### DESCRIPTION OF THE TASK
Starting at the line with "Venta de amplia" and ending at the line with "手島千尋さんのインスタグラム写真 - (手島千尋Instagram)「かき氷🍧日和な", print exactly the lines of the entries below. Pictures do not belong in the copy.

### Saved entries

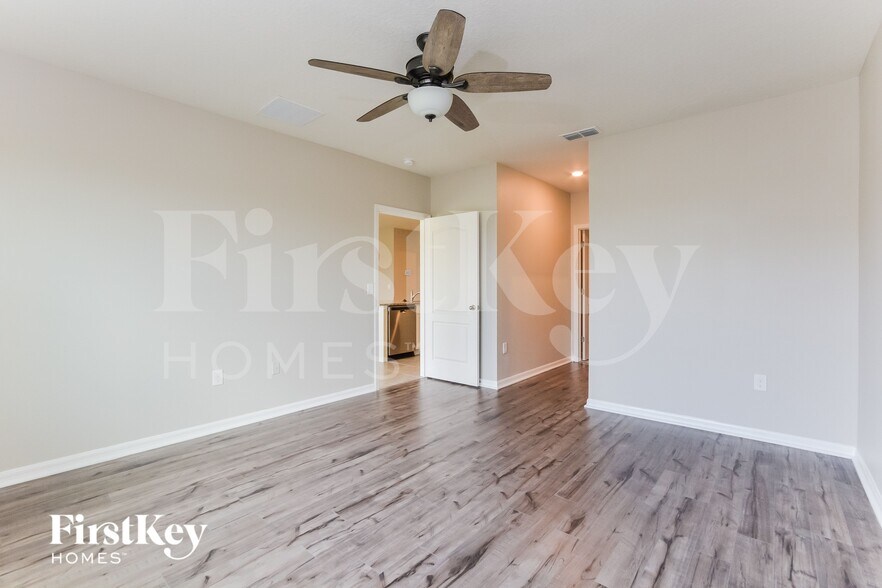 Building Photo - 353 American Holly Ave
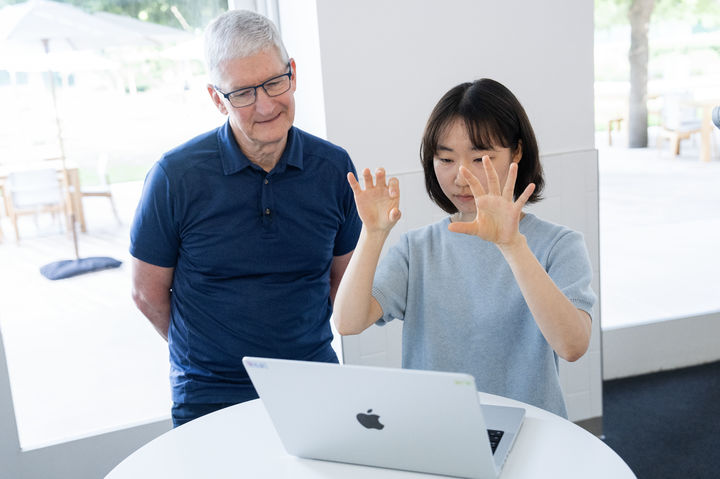 애플은 연례행사인 '스위프트 스튜던트 챌린지'에서 50명의 우수 수상자 중 한 명으로 선정된 한동대학교 컴퓨터공학과 이신원 학생이 팀 쿡 애플 CEO에게 본인이 개발한 '멜로디' 앱을 선보이고 있다. (사진-애플 제공) *재판매 및 DB 금지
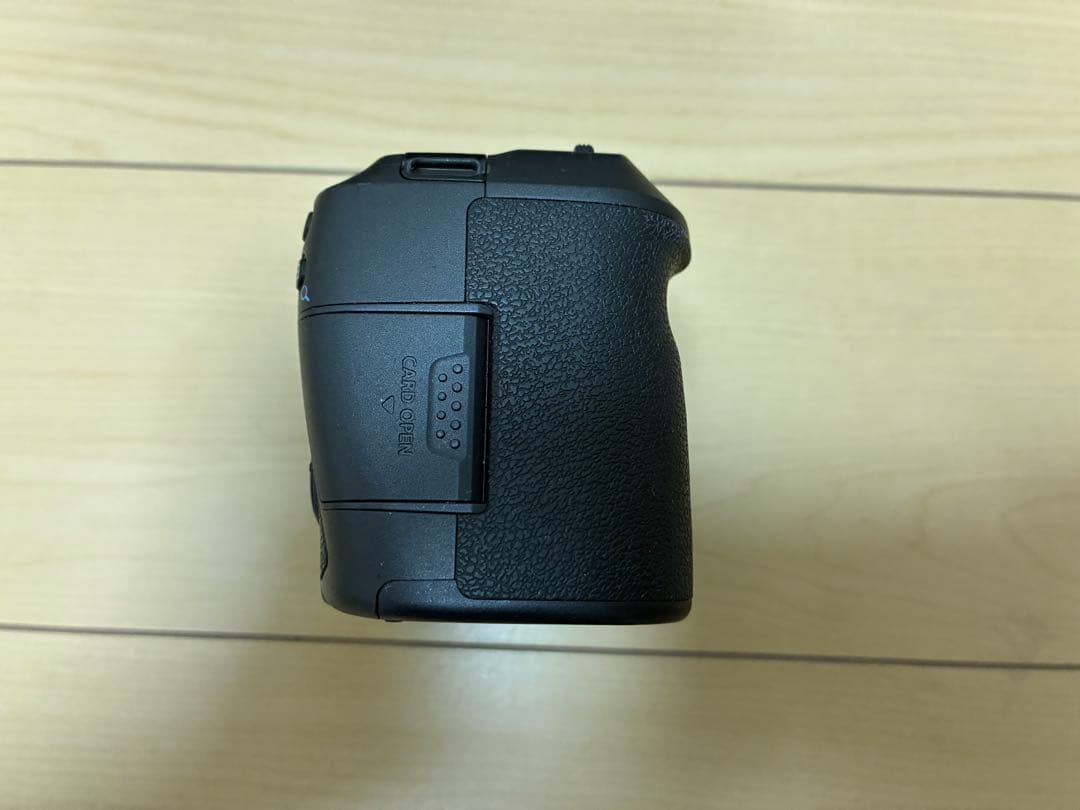 タッキー　Canon EOS R ミラーレス一眼カメラ　【保証付]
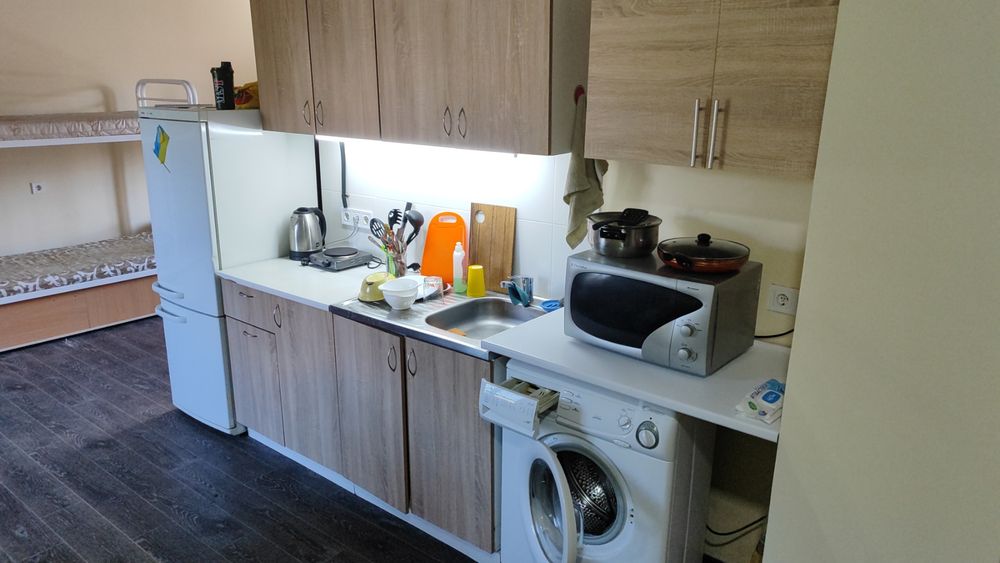 Нові кімнати з кухнею та санвузлом поруч вокзал, шпиталь. Від власника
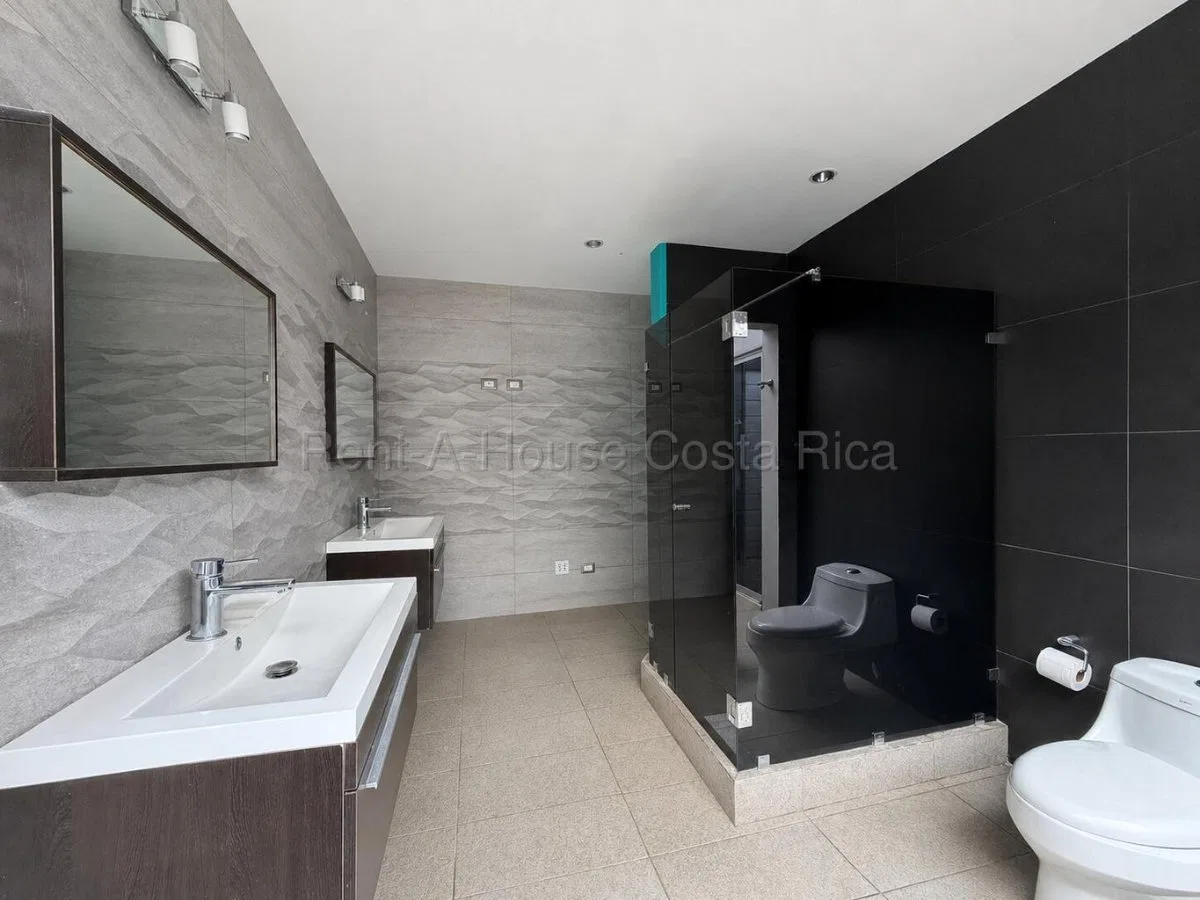 Venta de amplia casa con jardines, vistas y 5 parqueos #26-1877 GS - Venta en Puriscal, photo 4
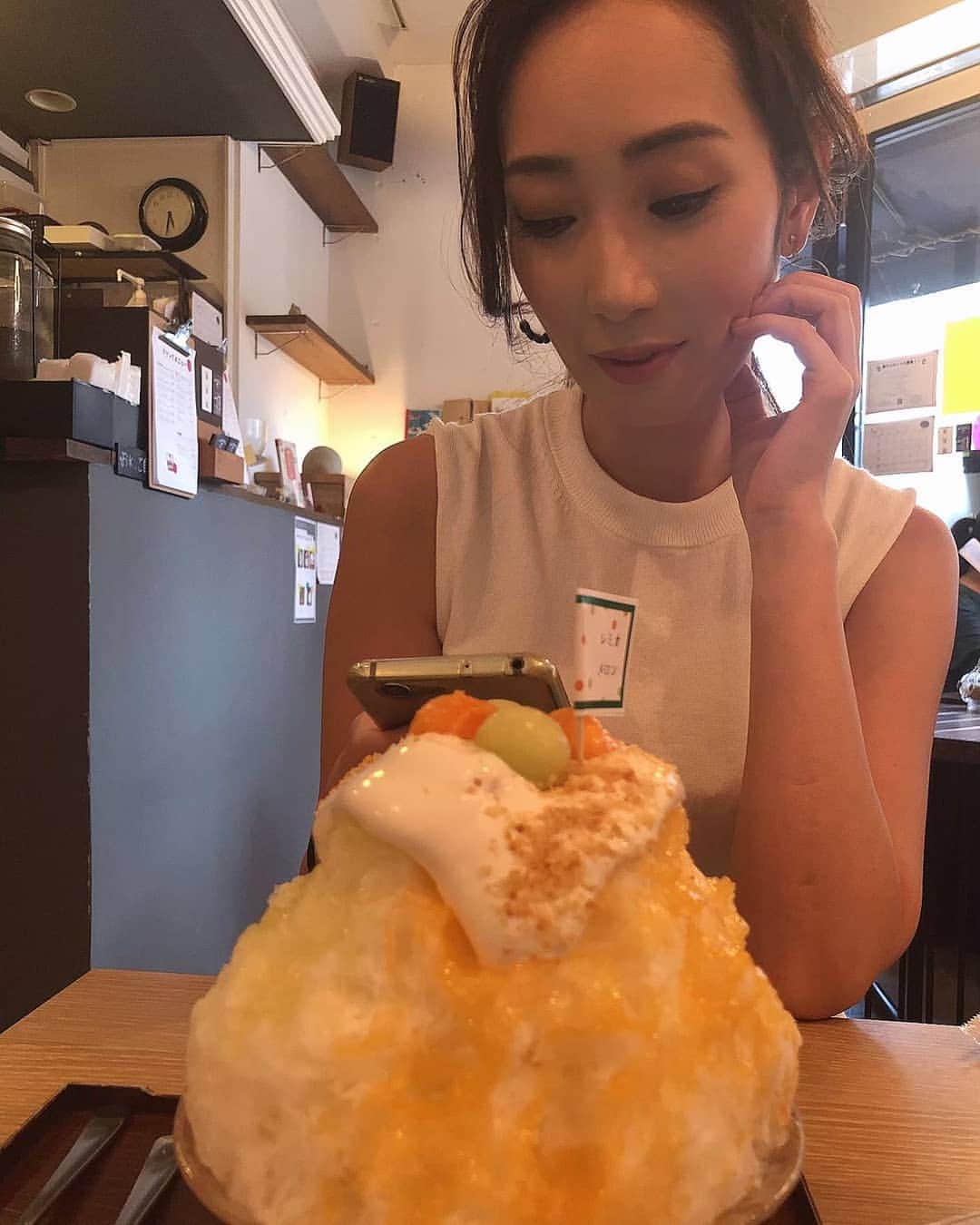 手島千尋さんのインスタグラム写真 - (手島千尋Instagram)「かき氷🍧日和な １日でしたね✨  スタジオも 暑いか、寒いか..  この時期の温度調節 難しいですよね。  さて、さて、 この時期私は、 かき氷とスイカ🍉 で生きていけます🙄💓」8月12日 21時42分 - teshimachihiro0139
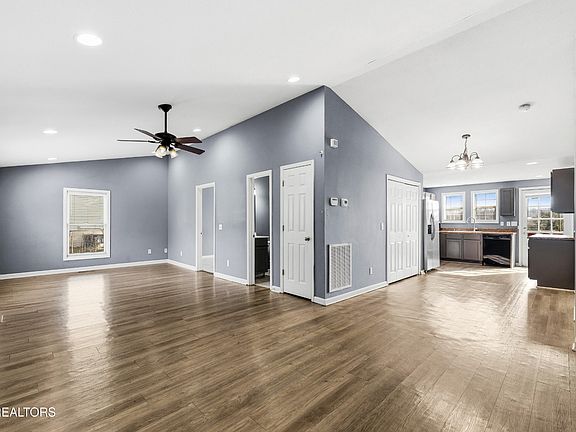 5th image of 1206 W Parkway Ave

### ANSWER SECTION
 Venta de amplia casa con jardines, vistas y 5 parqueos #26-1877 GS - Venta en Puriscal, photo 4
 手島千尋さんのインスタグラム写真 - (手島千尋Instagram)「かき氷🍧日和な １日でしたね✨  スタジオも 暑いか、寒いか..  この時期の温度調節 難しいですよね。  さて、さて、 この時期私は、 かき氷とスイカ🍉 で生きていけます🙄💓」8月12日 21時42分 - teshimachihiro0139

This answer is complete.